- [EXERCISE REQUIREMENTS] Word for word, copy the line containing "Loewe Belt Waist" and every line after it in the records below, leaving pictures out.

** Opening DATASET ENTRIES block **

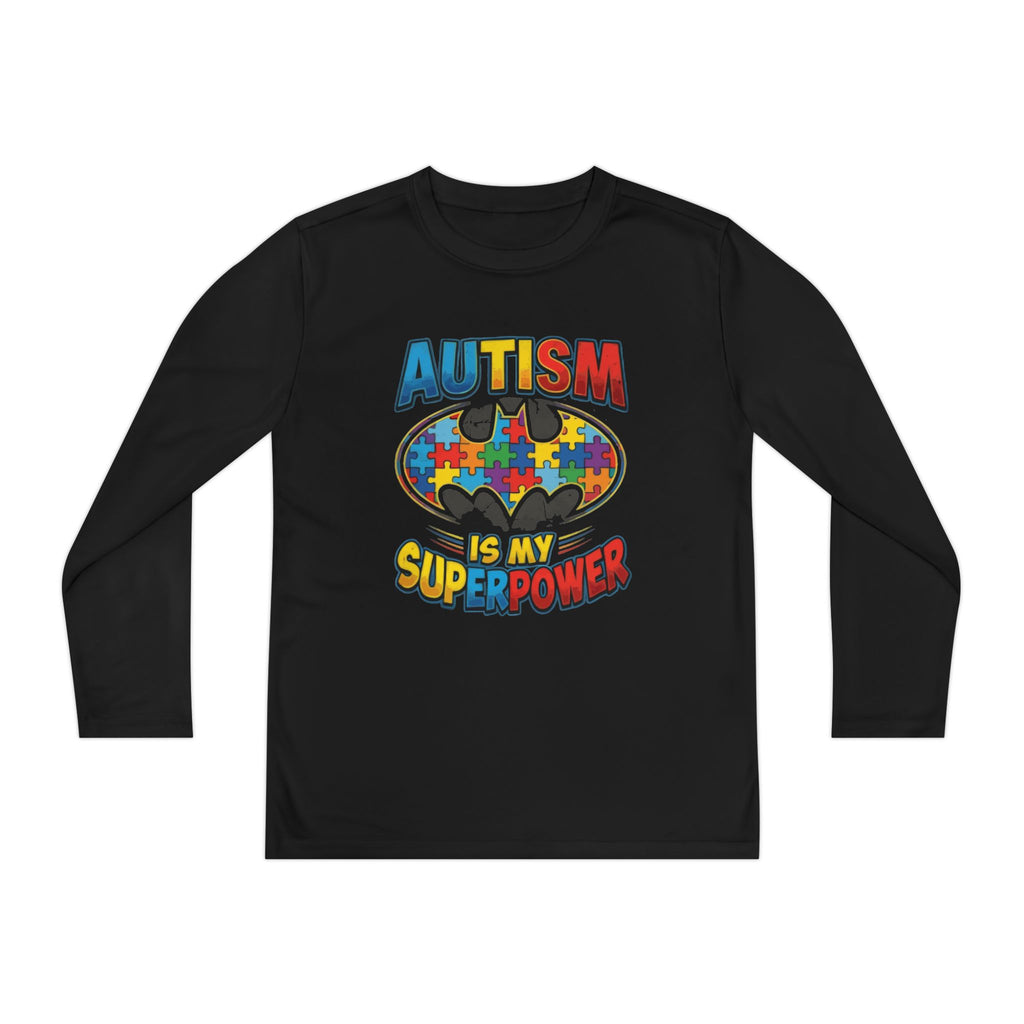 Autism Is My Superpower Youth Long Sleeve Shirt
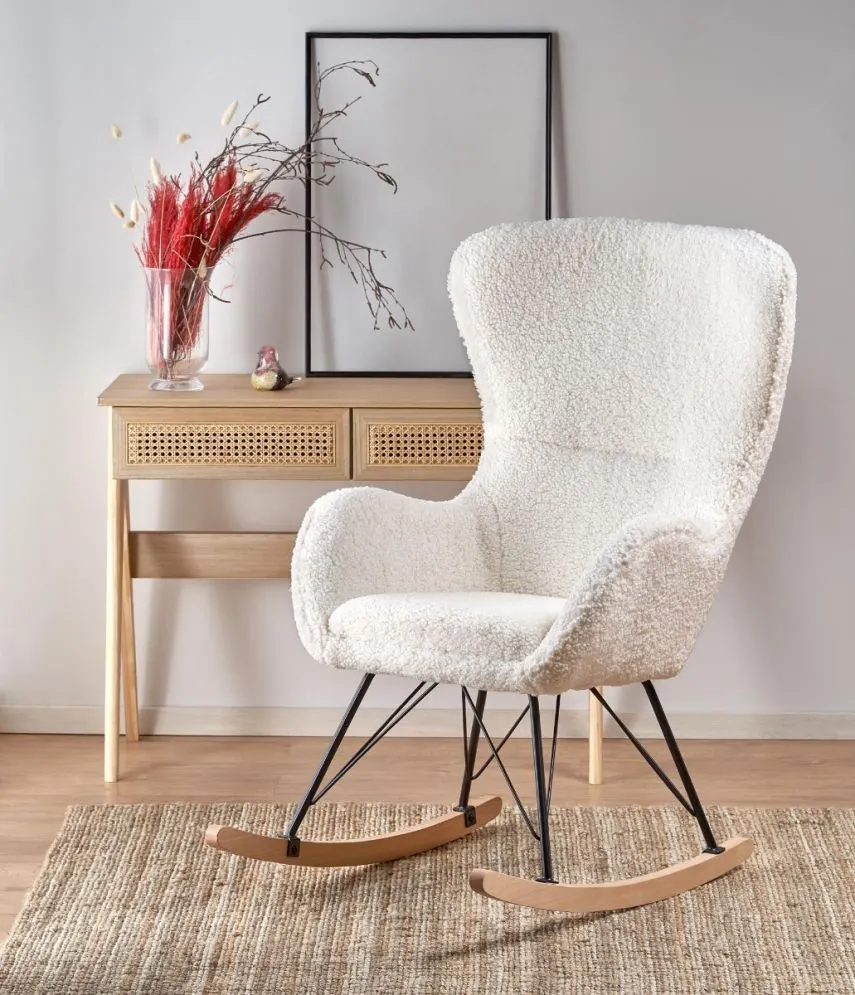 Fotel bujany LIBERTO 2 kremowy do salonu | MIRAT.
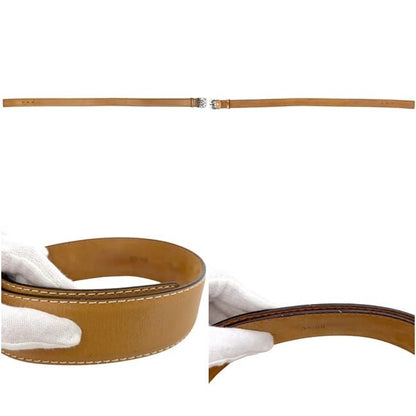 Loewe Belt Waist 87 Anagram Leather Camel Brown Vintage — view 4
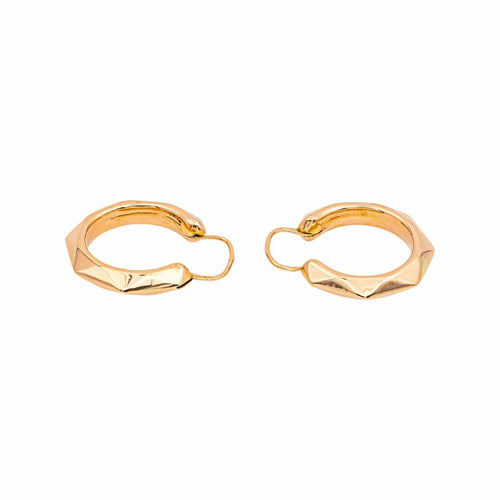 Boucles d'oreilles Boucles d'oreilles Créoles  Or rose 58 Facettes 4890738CN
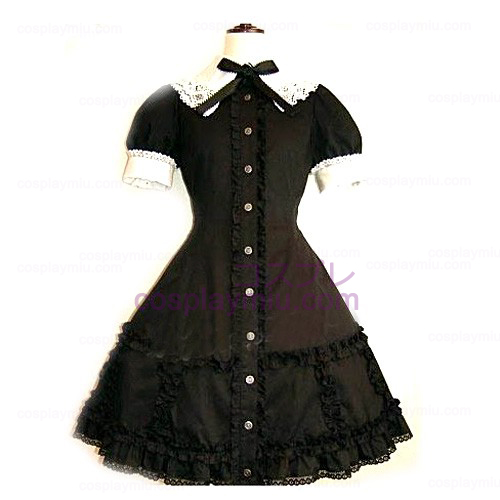 Black Lace Corset Dress Lolita Cosplay Kostuums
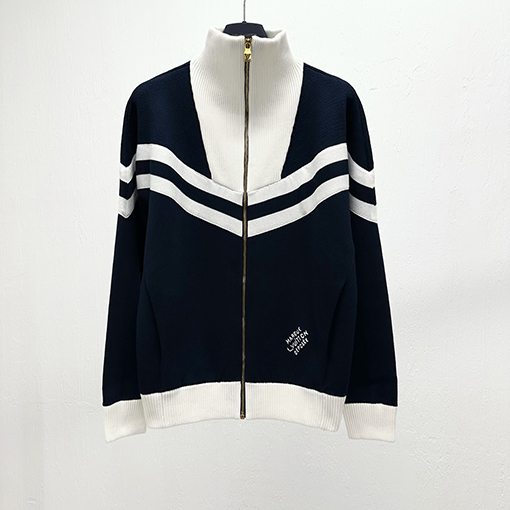 ルイヴィトン バイカラージップアップジャケット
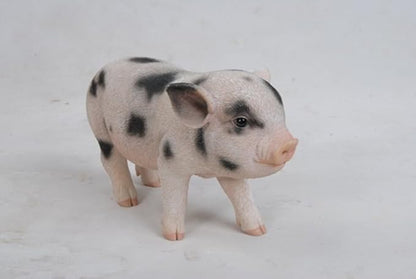 Hi-Line Gift Ltd Standing Baby Pig with black Spots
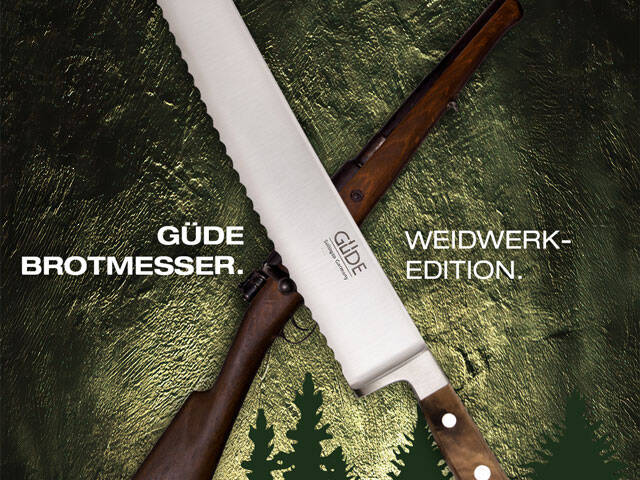 Couteaux Solingen, Güde , couteaux de cuisine Solingen, set de couteaux, fusil à aiguiser, couteaux de Solingen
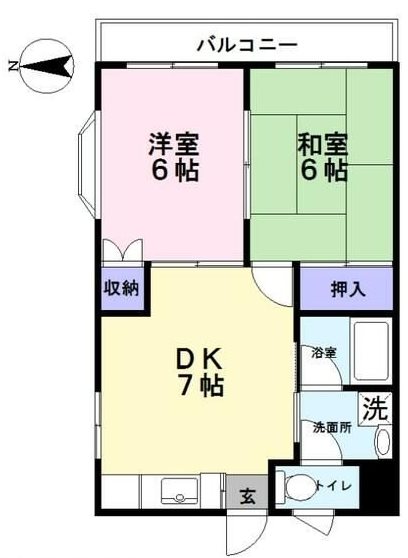 コーポラス華宝 間取り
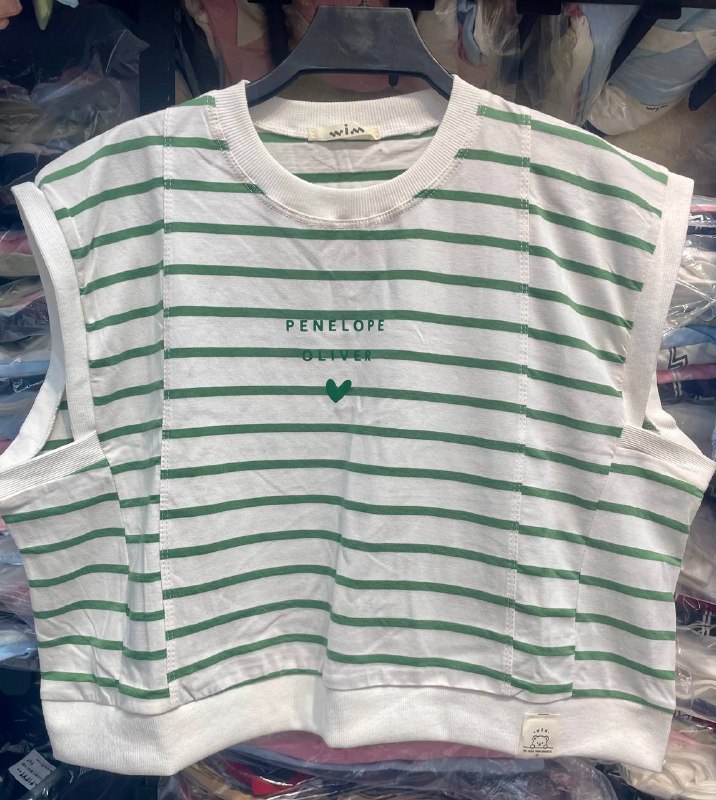 Parsian WIM: تیشرت COCO (استین کشبافت-قلب ریز) 🧵 پارچه: دو نخ پنبه 📏 فریسایز مناسب 38 تا 46 📐 عرض سینه: 62سانت 📏 قد کار: 50 سانت 🎨 ر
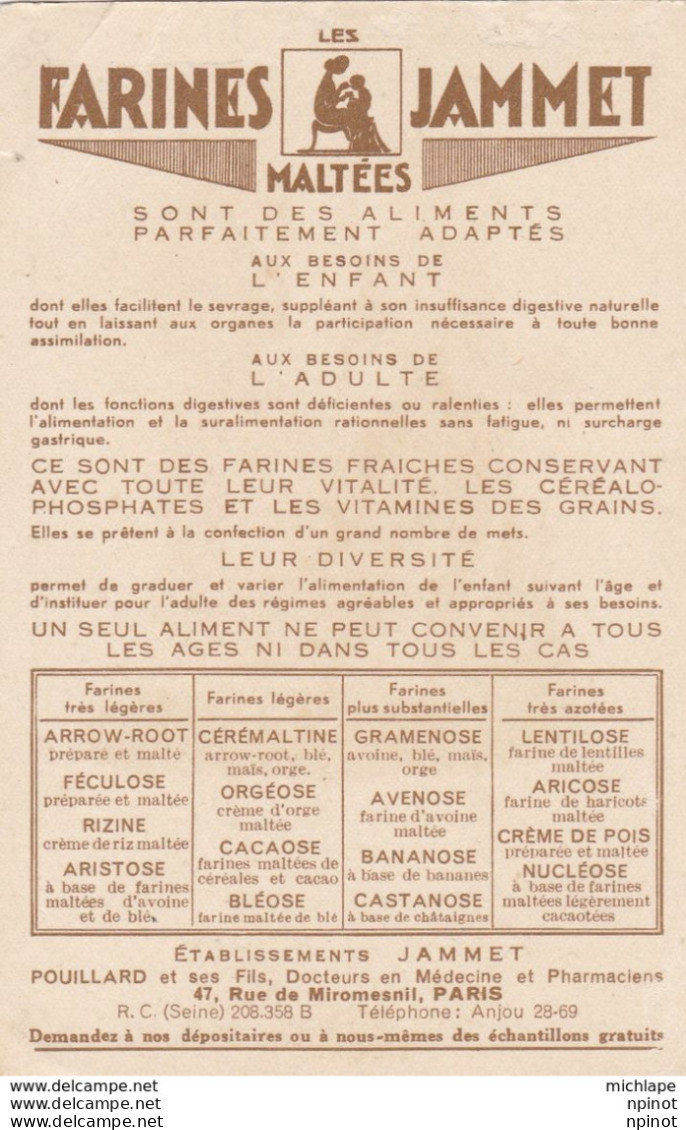 CPA Theme   Publicité Farines Jammet - La Provence - Werbepostkarten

** Closing DATASET ENTRIES block **

- [SOLUTION TO THE EXERCISE]
 Loewe Belt Waist 87 Anagram Leather Camel Brown Vintage — view 4
 Boucles d'oreilles Boucles d'oreilles Créoles  Or rose 58 Facettes 4890738CN
 Black Lace Corset Dress Lolita Cosplay Kostuums
 ルイヴィトン バイカラージップアップジャケット
 Hi-Line Gift Ltd Standing Baby Pig with black Spots
 Couteaux Solingen, Güde , couteaux de cuisine Solingen, set de couteaux, fusil à aiguiser, couteaux de Solingen
 コーポラス華宝 間取り
 Parsian WIM: تیشرت COCO (استین کشبافت-قلب ریز) 🧵 پارچه: دو نخ پنبه 📏 فریسایز مناسب 38 تا 46 📐 عرض سینه: 62سانت 📏 قد کار: 50 سانت 🎨 ر
 CPA Theme   Publicité Farines Jammet - La Provence - Werbepostkarten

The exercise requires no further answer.